Kincaid uses several references to set up standards of behavior in the story "Girl." In the story, the mother tells her daughter that she must not sing benna in Sunday school. Benna is a type of West Indian music that draws close comparison to calypso music. The energetic tones of this type of music are in sharp comparison to the reserved nature of church and religion, and therefore, the mother tells her daughter that shse must leave this type of music for another time and place. The mention of this music is significant because it is an example that allows the reader to get a sense of the cultural context in which the story in situated.
The story relates a string of instructions a mother is giving to a girl, probably coming of age, on how to maintain herself, a household, food and other important chores. Two of the instructions are repeated throughout: the fact that the character being addressed, "Girl," should not behave like a loose woman with poor moral values and the fact that she should not sing benna on a Sunday and never in Sunday school.
Benna is a form of West Indian calypso music in which the lyrics contain gossip and present lurid, highly suggestive and libelous details about the subjects being sung about. It is, therefore, important to realize that singing songs which are blatantly rude would be offensive if sung on a holy day or in such a holy place. It would be a sin since the church's sanctity would be tarnished. Singing benna would be sacrilegious and an offense to God.
Furthermore, if "Girl" (representative of all young women), should indulge her desire and unfortunately sing benna on a Sunday or in Sunday school, others will have a very low opinion of her. She will be seen as immoral and would have only herself to blame for such judgment. It is essential for the mother, who is the one giving the instructions, that her daughter present an image of good wholesomeness, of someone imbued with moral standards. The image that she projects would be a reflection of the values maintained in their household.

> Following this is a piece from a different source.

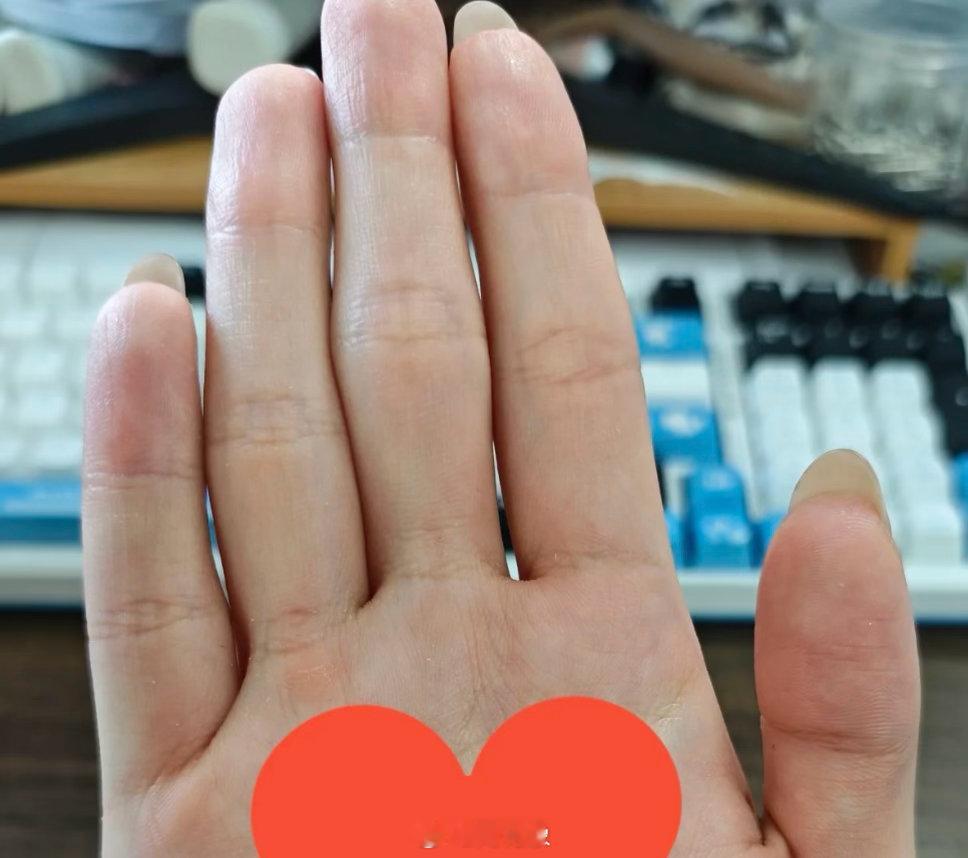 手指有漏，对应易漏米，脾胃不太好，肠道吸收弱。吃了很多食物，只吸收一点点，那可不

Girl obviously feels pressurized to behave as expected and repeatedly gives the assurance that she never does what she is constantly being warned about, i.e. singing benna on a Sunday or in Sunday school. It is ironic, however, that, at the end of the story, the mother is still not entirely satisfied that her listener has been entirely attentive and cooperative or even completely honest. When the girl asks about the possibility of the baker not allowing her to touch the bread to test its freshness, she asks:
You mean to say that after all you are really going to be the kind of woman who the baker won’t let near the bread?
The implication is, obviously, that even after all the advice she has given her, her listener would still be seen as having no morals and would be harshly judged for it when she got older.